Estimating the Population Size of Men Who Have Sex with Men in the United States to Obtain HIV and Syphilis Rates§
David W Purcell*, 1, Christopher H Johnson 1, Amy Lansky 1, Joseph Prejean 1, Renee Stein 1, Paul Denning 1, Zaneta Gau11, Hillard Weinstock 1, John Su 2, Nicole Crepaz 1
Identifiers and Pagination:Year: 2012
Issue: Suppl 1
First Page: 98
Last Page: 107
Publisher ID: TOAIDJ-6-98
Article History:Received Date: 26/4/2011
Revision Received Date: 18/8/2011
Acceptance Date: 20/9/2011
Electronic publication date: 7/9/2012
Collection year: 2012
open-access license: This is an open access article licensed under the terms of the Creative Commons Attribution Non-Commercial License (http://creativecommons.org/licenses/by-nc/3.0/) which permits unrestricted, non-commercial use, distribution and reproduction in any medium, provided the work is properly cited.
CDC has not previously calculated disease rates for men who have sex with men (MSM) because there is no single comprehensive source of data on population size. To inform prevention planning, CDC developed a national population size estimate for MSM to calculate disease metrics for HIV and syphilis.

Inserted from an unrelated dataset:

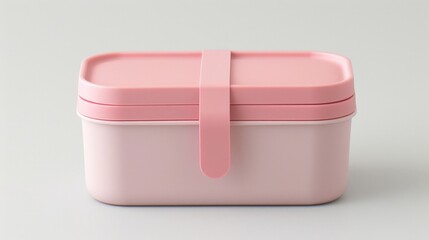 Modern Minimalist Pink Lunch Box on Neutral Background for Healthy Meal Prepping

We conducted a systematic literature search and identified seven surveys that provided data on same-sex behavior in nationally representative samples. Data were pooled by three recall periods and combined using meta-analytic procedures. We applied the proportion of men reporting same-sex behavior in the past 5 years to U.S. census data to produce a population size estimate. We then calculated three disease metrics using CDC HIV and STD surveillance data and rate ratios comparing MSM to other men and to women.

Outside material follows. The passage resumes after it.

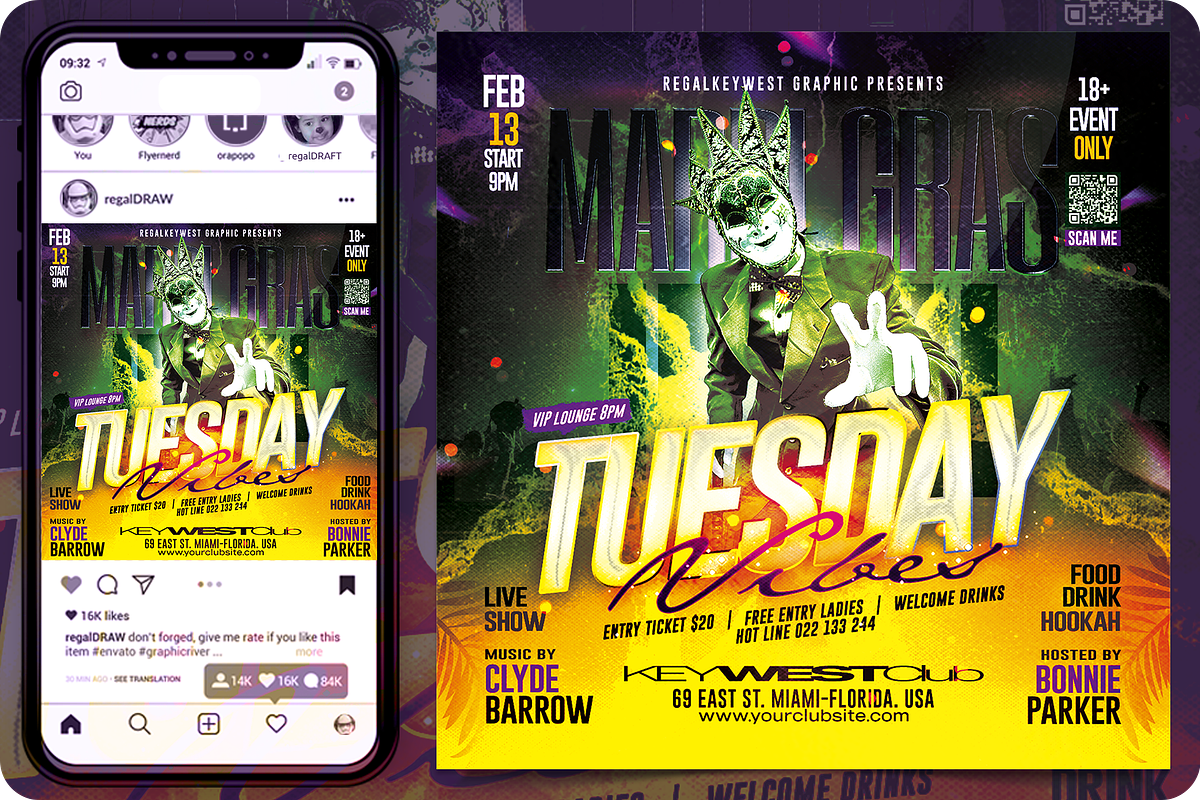 Mardi Gras Flyer, a Flyer Template by regalDRAW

Estimates of the proportion of men who engaged in same-sex behavior differed by recall period: past year = 2.9% (95%CI, 2.6–3.2); past five years = 3.9% (3.5–4.4); ever = 6.9% (5.1–8.6). Rates on all 3 disease metrics were much higher among MSM than among either other men or women (38 to 109 times as high).
Estimating the population size for MSM allowed us to calculate rates for disease metrics and to develop rate ratios showing dramatically higher rates among MSM than among other men or women. These data greatly improve our understanding of the disproportionate impact of these diseases among MSM in the U.S. and help with prevention planning.